SOURCE MATERIAL:
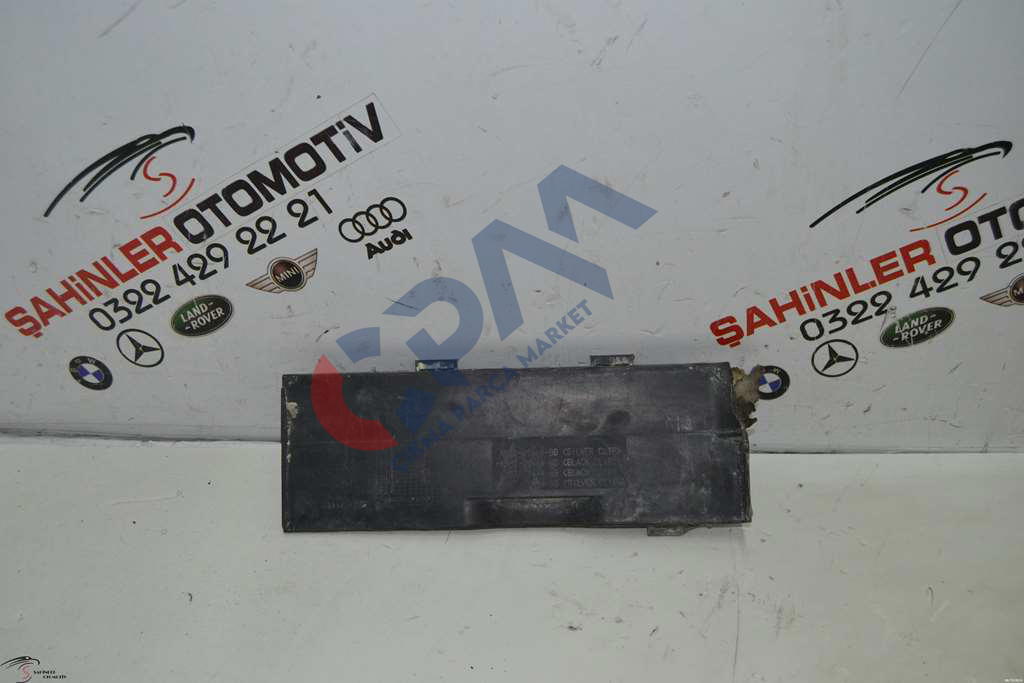 Land Rover Range Rover Sport Sağ pil standı Kapak AH22 01444 BB
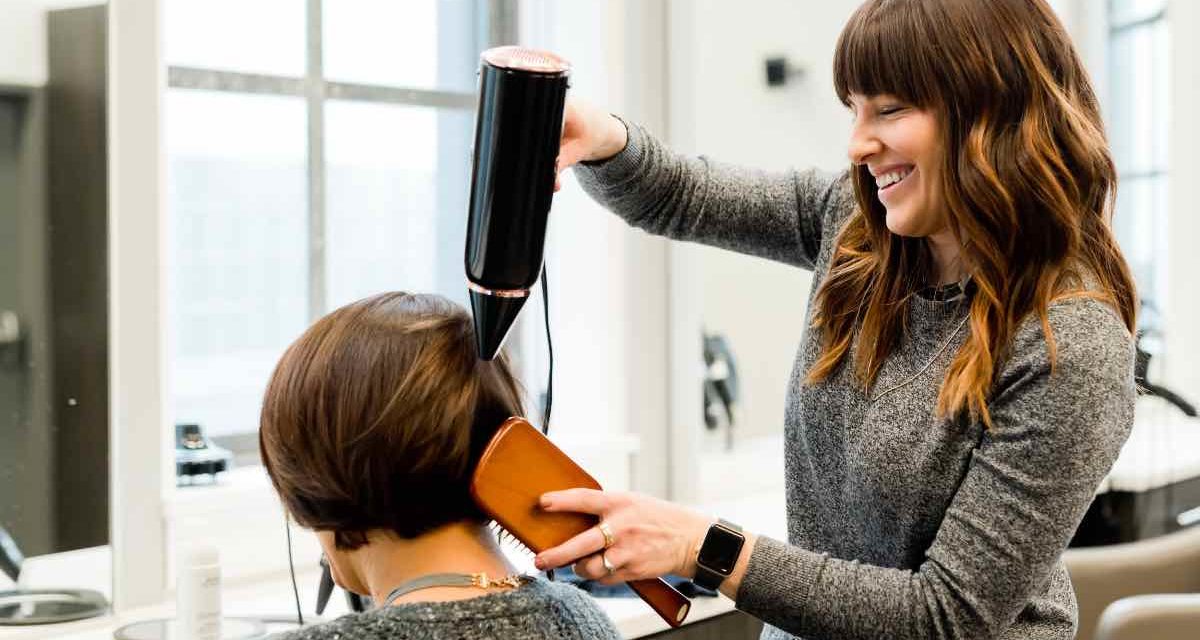 Friseure und Kosmetikerinnen fordern eine Mehrwertsteuer von 10%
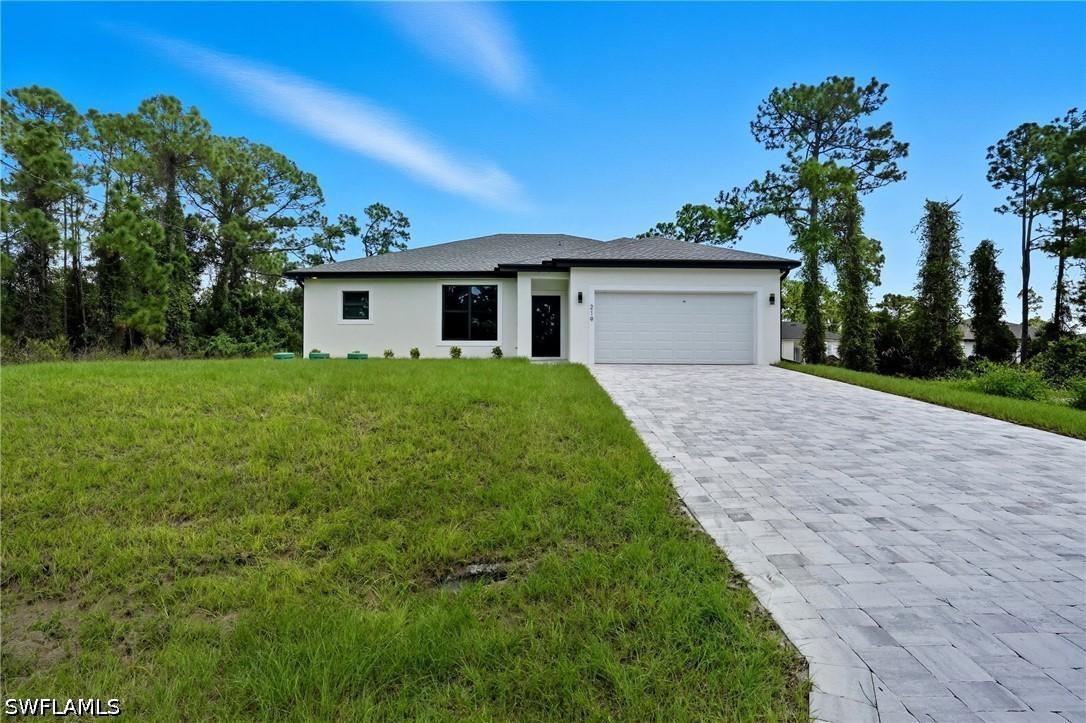 219 Ogden Ave., Lehigh Acres, FL 33974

YOUR TASK: Repeat the material above word for word and skip every image in it.

FINAL ANSWER:
 Land Rover Range Rover Sport Sağ pil standı Kapak AH22 01444 BB
 Friseure und Kosmetikerinnen fordern eine Mehrwertsteuer von 10%
 219 Ogden Ave., Lehigh Acres, FL 33974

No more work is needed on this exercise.